Tuesday 4 August 2009

Walking on Tenerife – The Masca Barranco

There’s something magical about Masca. It feels as though it belongs to another time and place and it comes as no surprise to learn that tales of sorcery and humans who can change into animals are commonplace in the ancient mountains and valleys which lend Masca its uniqueness.

It’s deservedly one of the most popular tourists’ locations on Tenerife, but only a tiny percentage of visitors to the charming hamlet stray from the path and descend into the mysterious barranco which wends its way through a prehistoric landscape to the coast three hours down the line.

The last time we walked through the Masca Barranco we had to shimmy down a rope near the start of the walk; the bridge across a small ravine having been destroyed in the forest fires of 2007. It added to the sensation that we were entering a lost world and if tiny dinosaurs had emerged from the undergrowth to accompany us as the walls of the ravine closed in above it wouldn’t have seemed too fantastical.The thing that always amazes us about walking in Tenerife is the diversity of the landscape. Many times whilst walking one of us will announce ‘this is definitely my favourite walk on Tenerife.’

That's until the next walk, of course.

The truth is that it’s difficult to compare like with like.

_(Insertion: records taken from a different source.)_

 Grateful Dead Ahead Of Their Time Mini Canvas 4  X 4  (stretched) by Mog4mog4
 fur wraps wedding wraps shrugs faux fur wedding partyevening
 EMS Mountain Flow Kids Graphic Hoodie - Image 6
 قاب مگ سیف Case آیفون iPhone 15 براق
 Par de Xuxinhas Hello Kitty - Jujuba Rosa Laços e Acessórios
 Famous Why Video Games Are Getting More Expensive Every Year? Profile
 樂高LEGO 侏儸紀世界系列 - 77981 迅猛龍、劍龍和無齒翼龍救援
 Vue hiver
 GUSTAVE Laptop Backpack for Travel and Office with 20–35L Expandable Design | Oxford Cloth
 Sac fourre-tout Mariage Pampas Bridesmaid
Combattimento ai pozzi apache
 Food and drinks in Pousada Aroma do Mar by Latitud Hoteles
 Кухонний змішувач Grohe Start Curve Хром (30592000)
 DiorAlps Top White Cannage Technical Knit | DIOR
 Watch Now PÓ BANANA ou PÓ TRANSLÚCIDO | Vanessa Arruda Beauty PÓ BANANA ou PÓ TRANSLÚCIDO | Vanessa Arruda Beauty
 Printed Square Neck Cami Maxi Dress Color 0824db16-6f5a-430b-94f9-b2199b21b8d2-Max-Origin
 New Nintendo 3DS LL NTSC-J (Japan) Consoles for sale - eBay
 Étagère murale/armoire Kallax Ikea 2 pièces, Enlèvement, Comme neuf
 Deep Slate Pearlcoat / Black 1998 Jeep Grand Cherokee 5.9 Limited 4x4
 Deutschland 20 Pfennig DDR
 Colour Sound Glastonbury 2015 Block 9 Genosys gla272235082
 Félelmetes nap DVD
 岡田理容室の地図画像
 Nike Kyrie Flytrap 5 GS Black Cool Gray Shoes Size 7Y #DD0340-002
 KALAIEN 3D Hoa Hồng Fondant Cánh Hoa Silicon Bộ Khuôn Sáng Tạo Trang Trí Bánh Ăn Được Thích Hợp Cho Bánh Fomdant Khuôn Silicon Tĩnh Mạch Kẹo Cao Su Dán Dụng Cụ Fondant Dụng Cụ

How can you compare the other worldly weirdness of Las Cañadas del Teide with the ancient laurel lushness of the Anaga Mountains, or the sweeping beauty of the pine forests in the Orotava Valley? The prehistoric drama of the Masca Barranco is just another natural feather in Tenerife’s walking cap. At some places you feel as though you could spread your arms and touch both walls of the barranco at the same time (okay, maybe if you were one of the Fantastic Four, but hopefully you get the picture). Ferns and trickling streams accompany walkers through a wonderful, if bordering on claustrophobic in places, world.

I was foolish enough to think that walking through the Masca Barranco would require little navigation. I mean you hit the valley floor and there’s only one way to go, right? Wrong. For most of the route this is the case, but there are areas where scars in the cliff face open into other narrow ravines leading to who knows where and what – mysterious places that’s for sure.
One day, if I’ve got the time and energy, I’ve promised myself I’m going to venture deeper and hopefully make some Indiana Jones type discovery – a lost Guanche tribe hidden from the outside world for 500 years, or perhaps conquistadors’ treasure buried in the depths of a cave cut into the cliffs. When you’re in the deepest reaches of the Masca Barranco these thoughts don’t seem so far fetched, believe me. So far the best I can manage is to make it to the coast and little Masca Bay, a popular stop with dolphin cruises and a pick up point for those sensible people who opt to take a boat ride to Los Gigantes rather than make their way back up the barranco.

It’s not a particularly easy walk, especially if done both ways. The path can be quite difficult on the soles of the feet in places, but it is spectacular and exhilarating and definitely one of those magical Tenerife experiences.